Sweeney v. Black River Lumber Co.

4 La. App. 244 | La. Ct. App. | 1926

ODOM, J.

The plaintiff, as an employee of the defendant, received an injury to his back during the course of his employment on July 31, 1920. Failing to reach an agreement of settlement with his employer for compensation, he brought suit under the Workmen’s Compensation Act and under a final judgment by the Supreme Court was awarded $16.00 a week for a period of 300 weeks for temporary total disability. (See Sweeney vs.

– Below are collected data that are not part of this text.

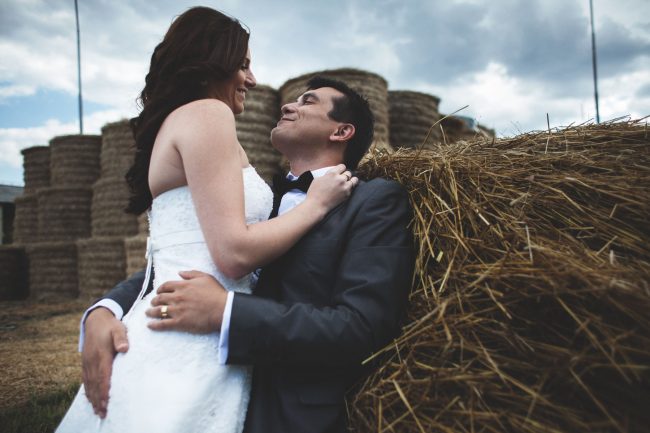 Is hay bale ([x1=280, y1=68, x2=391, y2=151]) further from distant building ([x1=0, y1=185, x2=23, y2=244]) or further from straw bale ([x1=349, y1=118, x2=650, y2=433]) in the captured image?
distant building ([x1=0, y1=185, x2=23, y2=244])

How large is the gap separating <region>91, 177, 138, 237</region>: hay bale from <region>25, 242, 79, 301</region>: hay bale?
1.26m

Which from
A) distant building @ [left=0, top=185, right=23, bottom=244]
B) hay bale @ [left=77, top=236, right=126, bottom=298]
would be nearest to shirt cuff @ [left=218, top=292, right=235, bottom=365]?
hay bale @ [left=77, top=236, right=126, bottom=298]

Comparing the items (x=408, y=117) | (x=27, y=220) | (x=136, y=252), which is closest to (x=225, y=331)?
(x=136, y=252)

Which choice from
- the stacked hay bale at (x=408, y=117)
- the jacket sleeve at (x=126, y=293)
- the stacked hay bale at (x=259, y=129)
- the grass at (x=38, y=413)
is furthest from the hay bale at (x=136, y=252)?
the jacket sleeve at (x=126, y=293)

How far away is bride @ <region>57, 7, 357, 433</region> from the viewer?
4.67 feet

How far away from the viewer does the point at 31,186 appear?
10344mm

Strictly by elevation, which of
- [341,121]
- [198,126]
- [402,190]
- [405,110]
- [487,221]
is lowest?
[487,221]

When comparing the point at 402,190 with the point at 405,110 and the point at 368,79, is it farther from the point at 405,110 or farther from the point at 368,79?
the point at 405,110

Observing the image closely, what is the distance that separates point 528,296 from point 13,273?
37.9 feet

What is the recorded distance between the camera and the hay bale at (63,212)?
912 cm

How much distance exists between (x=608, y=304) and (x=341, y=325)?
28.6 inches

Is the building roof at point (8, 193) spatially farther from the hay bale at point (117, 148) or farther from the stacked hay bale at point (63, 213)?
the hay bale at point (117, 148)

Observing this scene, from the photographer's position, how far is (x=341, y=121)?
230cm

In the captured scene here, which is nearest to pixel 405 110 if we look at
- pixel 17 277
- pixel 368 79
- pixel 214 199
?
pixel 368 79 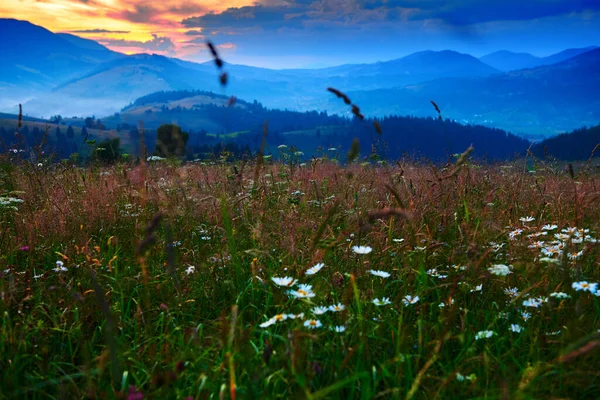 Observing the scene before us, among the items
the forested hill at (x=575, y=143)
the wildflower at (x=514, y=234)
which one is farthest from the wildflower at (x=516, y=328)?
the forested hill at (x=575, y=143)

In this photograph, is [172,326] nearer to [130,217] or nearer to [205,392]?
[205,392]

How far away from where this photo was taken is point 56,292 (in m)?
3.28

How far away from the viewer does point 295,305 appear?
308 centimetres

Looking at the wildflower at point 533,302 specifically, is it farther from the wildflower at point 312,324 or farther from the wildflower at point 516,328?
the wildflower at point 312,324

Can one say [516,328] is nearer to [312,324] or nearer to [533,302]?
[533,302]

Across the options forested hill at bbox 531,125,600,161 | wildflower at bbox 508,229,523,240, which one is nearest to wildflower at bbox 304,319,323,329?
wildflower at bbox 508,229,523,240

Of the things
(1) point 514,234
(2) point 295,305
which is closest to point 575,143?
(1) point 514,234

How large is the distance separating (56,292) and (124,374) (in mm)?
1429

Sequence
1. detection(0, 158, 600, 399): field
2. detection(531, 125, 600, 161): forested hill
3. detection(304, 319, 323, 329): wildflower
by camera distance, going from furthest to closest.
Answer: detection(531, 125, 600, 161): forested hill, detection(304, 319, 323, 329): wildflower, detection(0, 158, 600, 399): field

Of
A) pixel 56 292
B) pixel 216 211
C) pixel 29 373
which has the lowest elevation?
pixel 29 373

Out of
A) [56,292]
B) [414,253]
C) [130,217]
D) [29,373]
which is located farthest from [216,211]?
[29,373]

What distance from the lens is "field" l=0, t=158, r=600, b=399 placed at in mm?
2162

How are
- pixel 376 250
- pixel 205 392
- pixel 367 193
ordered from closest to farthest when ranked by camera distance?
pixel 205 392
pixel 376 250
pixel 367 193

Black River Lumber Co., 150 La. 1061, 91 South. 511.)

Under this judgment compensation was paid him for the full period of 300 weeks, the last payment being made in December, 1924.

Four months later, on April 27, 1925, he brought the present suit, reciting the above facts and alleging that whereas the court had found that he was only temporarily totally disabled, as a matter of fact his injuries had proved to be permanent instead of temporary, and he prayed that:

“The court review said judgment of said Tenth District Court, as revised and rendered by the said Supreme Court of the State of Louisiana, and that the amount of said judgment be increased by awarding to petitioner compensation at the rate of $20.00 per week for one hundred weeks, in addition to the compensation awarded in said judgment.” ,

Defendant plead the former judgment as res adjudicata and tendered an exception of no cause of action, which was sustained by the court below, and plaintiff appealed.

OPINION

In plaintiff’s petition in the present suit, paragraph “4”, he alleged that:

“Said Black River Lumber Co. has paid sum of $16.00 per week to petitioner according to said judgment for said period of three hundred weeks, the last payment being made in the month of December, 1924, and refuses to pay any.'further sum, although petitioner has made amicable demand upon them for further sums.”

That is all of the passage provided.